Die internationale Allianz gegen den kurdischen Freiheitskampf
Sowohl politisch als auch militärisch existiert eine internationale Allianz gegen den kurdischen Freiheitskampf. Dabei ist es bemerkenswert, dass Staaten bzw. Regierungen, die gegensätzliche Interessen verfolgen, sich immer wieder einig sind, wenn es um die Unterdrückung der Kurd:innen geht. Die Ausweisung Abdullah Öcalans aus Syrien, die Weigerung sowohl Russlands als auch westeuropäischer Staaten, ihm politisches Exil zu gewähren, und seine Entführung aus Kenia in die Türkei ist nur ein Beispiel für die internationale Dimension des Kampfes gegen die kurdische Freiheitsbewegung.
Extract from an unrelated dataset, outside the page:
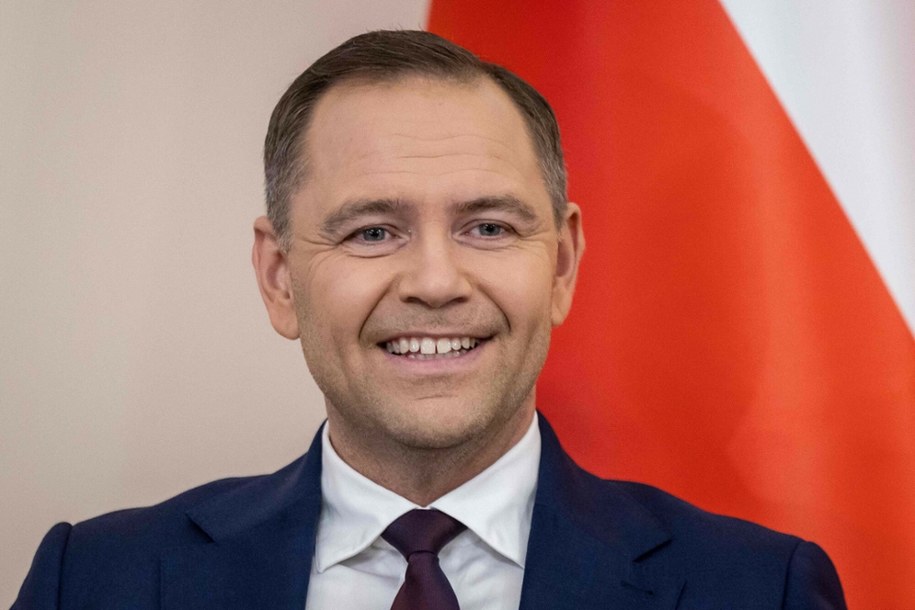 Karol Nawrocki /WOJTEK RADWANSKI/AFP/East News /East News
Es folgten noch andere Aktionen, die hier nur kurz aufgezählt werden sollen: Mitten in Paris fielen Sakine Cansız, Fidan Doğan und Leyla Şaylemez einem heimtückischen Mord zum Opfer; mit Unterstützung Ankaras und reaktionärer arabischer Regime erfolgte die Invasion des IS in Rojava und Südkurdistan; unter den Augen der „Weltöffentlichkeit“ bzw. der „internationalen Staatengemeinschaft“ fand der Völkermord an den Ezid:innen in Şengal statt; mit Einverständnis Moskaus, der syrischen Regierung und des Westens erfolgte der türkische Angriff auf Efrîn. Gegenwärtig arbeitet Ankara mit allen Mitteln daran, seine internationalen Verbündeten zu einem neuen Angriff auf Rojava zu bewegen, um das zu vollenden, was dem IS nicht gelang.
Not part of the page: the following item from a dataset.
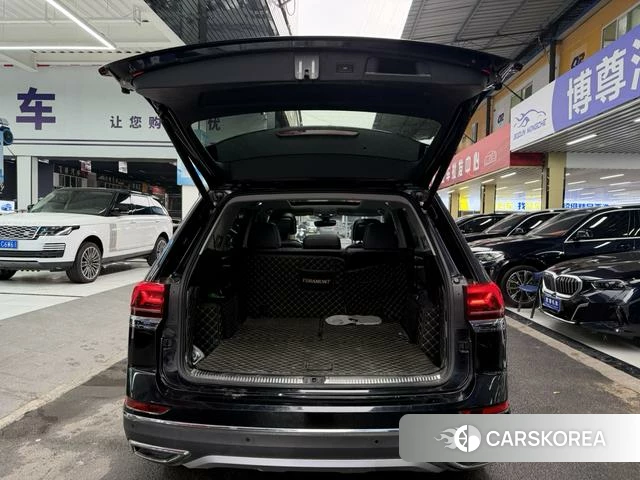 Volkswagen Tourang id 4255747 из Китая 10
Neue Möglichkeiten und Perspektiven
Es gibt zudem zahlreiche Beispiele für die enge Zusammenarbeit verschiedener Geheimdienste mit Ankara, um die Aktivitäten der kurdischen Diaspora zu überwachen und zu unterdrücken. Das repressive Vorgehen gegen kurdische Vereine und Organisationen, die Verbote und Behinderung der Arbeit kurdischer Medien und die Kriminalisierung der Freiheitsbewegung sind Elemente der Kriegsführung auf internationaler Ebene. In der Geschichte der Befreiungskämpfe unterdrückter Völker hat es nie zuvor eine solche umfassende internationale Zusammenarbeit zur Unterdrückung einer Widerstandsbewegung gegeben. An der Gleichgültigkeit der „Weltöffentlichkeit“ und der feindseligen Haltung der von Ankara dirigierten – geheimen oder offenen – internationalen Allianz gegen das kurdische Volk wird sich in absehbarer Zukunft nichts ändern. Aber die politische, militärische, wirtschaftliche und gesellschaftliche Entwicklung in der „internationalen Staatengemeinschaft“ zeigt auch, dass bislang als stabil und berechenbar geltende Kräfte plötzlich ins Wanken geraten. Somit könnte die mit Gewissheit ungewisse Zukunft der bestehenden Verhältnisse für das kurdische Volk neue Möglichkeiten und Perspektiven bieten.[1]